(Task requirements) For the records below, tally the lines that include the word "postura" and give only the tally.

(Supplied records)
####################

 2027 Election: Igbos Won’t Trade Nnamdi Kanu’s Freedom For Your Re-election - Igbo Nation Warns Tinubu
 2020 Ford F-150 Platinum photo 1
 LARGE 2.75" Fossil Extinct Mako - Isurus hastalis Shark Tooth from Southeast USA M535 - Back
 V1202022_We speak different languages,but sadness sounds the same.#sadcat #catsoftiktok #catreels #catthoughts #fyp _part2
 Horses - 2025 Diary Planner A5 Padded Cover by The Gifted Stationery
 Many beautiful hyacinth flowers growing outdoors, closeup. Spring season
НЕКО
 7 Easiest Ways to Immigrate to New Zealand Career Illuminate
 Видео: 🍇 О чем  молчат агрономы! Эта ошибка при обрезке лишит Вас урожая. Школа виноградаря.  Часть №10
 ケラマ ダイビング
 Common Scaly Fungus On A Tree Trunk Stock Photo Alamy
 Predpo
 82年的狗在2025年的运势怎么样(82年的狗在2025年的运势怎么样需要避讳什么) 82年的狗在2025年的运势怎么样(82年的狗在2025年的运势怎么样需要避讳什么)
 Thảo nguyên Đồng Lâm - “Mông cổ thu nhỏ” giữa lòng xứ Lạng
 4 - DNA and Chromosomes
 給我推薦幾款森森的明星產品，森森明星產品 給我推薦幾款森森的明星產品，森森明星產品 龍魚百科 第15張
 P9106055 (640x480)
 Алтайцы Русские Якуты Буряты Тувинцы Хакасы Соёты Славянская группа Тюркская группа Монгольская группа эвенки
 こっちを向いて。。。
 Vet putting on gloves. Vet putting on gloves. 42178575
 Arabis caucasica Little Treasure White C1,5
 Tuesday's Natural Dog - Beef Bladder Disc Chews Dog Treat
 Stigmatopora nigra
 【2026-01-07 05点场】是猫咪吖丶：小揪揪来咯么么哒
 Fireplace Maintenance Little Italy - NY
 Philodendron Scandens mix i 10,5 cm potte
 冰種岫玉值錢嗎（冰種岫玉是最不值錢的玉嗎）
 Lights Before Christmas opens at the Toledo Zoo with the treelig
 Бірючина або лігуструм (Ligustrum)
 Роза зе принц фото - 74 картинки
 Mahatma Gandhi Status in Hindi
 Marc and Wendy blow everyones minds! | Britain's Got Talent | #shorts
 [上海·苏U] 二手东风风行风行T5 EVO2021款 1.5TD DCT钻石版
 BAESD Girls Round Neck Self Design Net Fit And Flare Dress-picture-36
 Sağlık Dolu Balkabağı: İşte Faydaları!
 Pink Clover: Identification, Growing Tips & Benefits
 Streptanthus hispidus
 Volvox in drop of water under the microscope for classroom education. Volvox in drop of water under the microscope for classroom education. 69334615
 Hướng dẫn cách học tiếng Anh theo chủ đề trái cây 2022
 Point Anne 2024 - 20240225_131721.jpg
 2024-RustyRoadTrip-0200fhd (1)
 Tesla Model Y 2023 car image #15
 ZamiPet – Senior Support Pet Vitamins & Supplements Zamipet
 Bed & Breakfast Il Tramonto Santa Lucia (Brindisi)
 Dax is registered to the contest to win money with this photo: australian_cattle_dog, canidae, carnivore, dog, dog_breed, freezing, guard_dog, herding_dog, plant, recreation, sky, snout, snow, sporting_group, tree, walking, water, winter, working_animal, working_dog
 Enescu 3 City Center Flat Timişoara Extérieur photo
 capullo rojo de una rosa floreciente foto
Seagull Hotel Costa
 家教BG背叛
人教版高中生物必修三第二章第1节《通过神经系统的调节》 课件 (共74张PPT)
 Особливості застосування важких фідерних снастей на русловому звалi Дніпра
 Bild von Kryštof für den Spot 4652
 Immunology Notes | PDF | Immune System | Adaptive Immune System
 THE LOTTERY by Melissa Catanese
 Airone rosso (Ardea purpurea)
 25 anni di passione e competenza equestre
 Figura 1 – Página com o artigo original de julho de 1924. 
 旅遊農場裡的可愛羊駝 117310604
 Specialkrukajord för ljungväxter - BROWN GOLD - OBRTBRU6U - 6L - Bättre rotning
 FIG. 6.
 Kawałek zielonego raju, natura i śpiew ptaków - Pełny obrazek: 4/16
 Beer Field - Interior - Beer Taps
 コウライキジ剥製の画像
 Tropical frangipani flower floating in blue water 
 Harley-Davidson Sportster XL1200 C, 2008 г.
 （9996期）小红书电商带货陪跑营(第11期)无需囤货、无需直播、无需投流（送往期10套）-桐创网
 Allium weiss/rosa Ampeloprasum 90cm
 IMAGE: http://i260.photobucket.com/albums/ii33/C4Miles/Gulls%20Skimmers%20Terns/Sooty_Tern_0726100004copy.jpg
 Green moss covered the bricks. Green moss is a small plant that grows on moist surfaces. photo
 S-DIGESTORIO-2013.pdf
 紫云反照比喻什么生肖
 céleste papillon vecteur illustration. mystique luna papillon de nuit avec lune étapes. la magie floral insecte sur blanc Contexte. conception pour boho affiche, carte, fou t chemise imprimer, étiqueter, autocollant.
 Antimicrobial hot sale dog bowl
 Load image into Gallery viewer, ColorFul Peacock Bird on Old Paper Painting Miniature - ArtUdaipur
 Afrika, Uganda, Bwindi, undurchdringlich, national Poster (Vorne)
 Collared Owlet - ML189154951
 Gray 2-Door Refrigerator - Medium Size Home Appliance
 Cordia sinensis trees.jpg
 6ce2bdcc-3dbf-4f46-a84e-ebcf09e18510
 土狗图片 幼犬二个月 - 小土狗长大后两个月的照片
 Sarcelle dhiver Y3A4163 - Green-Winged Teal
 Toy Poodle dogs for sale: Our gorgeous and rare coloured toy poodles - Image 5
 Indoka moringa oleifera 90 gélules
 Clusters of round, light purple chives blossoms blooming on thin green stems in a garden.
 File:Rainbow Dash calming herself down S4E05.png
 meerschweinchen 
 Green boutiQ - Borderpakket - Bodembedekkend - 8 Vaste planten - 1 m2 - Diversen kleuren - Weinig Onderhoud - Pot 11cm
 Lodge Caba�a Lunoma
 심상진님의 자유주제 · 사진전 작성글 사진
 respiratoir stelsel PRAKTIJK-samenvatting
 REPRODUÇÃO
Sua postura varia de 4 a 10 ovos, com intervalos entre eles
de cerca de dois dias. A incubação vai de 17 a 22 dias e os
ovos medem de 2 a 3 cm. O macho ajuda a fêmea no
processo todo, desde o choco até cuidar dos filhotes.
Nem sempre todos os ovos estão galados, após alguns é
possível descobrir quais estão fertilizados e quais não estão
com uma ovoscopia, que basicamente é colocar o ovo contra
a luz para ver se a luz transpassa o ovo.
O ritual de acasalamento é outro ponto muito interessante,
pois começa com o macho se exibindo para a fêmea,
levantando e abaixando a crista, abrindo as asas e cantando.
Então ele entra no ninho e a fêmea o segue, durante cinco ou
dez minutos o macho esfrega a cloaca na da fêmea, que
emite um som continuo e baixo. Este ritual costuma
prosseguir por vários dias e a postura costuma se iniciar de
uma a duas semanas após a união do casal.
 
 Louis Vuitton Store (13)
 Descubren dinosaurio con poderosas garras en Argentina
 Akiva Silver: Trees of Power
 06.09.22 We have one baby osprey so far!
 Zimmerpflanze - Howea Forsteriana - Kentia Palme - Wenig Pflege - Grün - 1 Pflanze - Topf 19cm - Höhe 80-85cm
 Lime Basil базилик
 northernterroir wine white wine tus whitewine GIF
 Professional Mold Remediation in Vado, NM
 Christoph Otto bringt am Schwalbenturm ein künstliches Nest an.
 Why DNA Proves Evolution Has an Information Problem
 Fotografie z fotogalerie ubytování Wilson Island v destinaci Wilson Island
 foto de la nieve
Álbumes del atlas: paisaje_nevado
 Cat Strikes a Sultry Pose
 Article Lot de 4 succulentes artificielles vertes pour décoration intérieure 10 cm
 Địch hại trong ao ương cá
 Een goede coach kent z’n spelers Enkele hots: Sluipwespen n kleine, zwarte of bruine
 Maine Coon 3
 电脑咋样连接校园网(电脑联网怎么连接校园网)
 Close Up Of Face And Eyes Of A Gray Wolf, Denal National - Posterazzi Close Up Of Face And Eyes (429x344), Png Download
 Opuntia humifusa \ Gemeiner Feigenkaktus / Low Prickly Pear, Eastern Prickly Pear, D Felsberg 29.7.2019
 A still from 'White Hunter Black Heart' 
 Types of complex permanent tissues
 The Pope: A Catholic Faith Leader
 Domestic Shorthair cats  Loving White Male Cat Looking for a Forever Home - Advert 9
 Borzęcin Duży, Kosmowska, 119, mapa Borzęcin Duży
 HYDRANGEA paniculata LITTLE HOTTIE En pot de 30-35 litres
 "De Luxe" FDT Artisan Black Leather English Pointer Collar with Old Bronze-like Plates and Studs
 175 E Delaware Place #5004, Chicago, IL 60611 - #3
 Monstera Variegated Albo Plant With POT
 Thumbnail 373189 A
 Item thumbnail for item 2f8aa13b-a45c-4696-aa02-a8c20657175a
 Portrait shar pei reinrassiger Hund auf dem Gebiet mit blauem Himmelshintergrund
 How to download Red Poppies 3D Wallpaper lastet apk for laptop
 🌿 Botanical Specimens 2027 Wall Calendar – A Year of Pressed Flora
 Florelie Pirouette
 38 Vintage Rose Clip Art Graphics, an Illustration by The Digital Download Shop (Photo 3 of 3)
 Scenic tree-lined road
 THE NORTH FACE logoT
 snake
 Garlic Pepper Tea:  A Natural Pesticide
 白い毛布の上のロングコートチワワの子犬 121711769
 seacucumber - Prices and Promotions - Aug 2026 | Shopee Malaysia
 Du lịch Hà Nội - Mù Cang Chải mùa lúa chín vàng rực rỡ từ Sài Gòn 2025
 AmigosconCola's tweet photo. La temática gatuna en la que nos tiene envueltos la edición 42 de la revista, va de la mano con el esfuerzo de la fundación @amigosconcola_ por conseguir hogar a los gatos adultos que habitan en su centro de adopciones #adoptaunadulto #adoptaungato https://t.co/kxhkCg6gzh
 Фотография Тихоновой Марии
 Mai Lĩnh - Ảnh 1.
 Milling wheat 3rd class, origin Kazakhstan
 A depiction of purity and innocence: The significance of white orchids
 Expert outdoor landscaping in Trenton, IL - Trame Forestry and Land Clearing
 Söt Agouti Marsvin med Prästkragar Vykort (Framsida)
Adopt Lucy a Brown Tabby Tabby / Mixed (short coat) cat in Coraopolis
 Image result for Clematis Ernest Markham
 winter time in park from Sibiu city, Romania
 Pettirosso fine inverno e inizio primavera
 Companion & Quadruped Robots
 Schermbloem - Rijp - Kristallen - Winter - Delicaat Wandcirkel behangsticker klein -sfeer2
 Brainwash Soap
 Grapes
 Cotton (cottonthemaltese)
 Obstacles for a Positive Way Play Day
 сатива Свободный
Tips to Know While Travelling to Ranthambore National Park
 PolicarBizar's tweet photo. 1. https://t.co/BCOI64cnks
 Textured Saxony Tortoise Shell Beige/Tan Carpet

####################

(Answer for this exercise) 2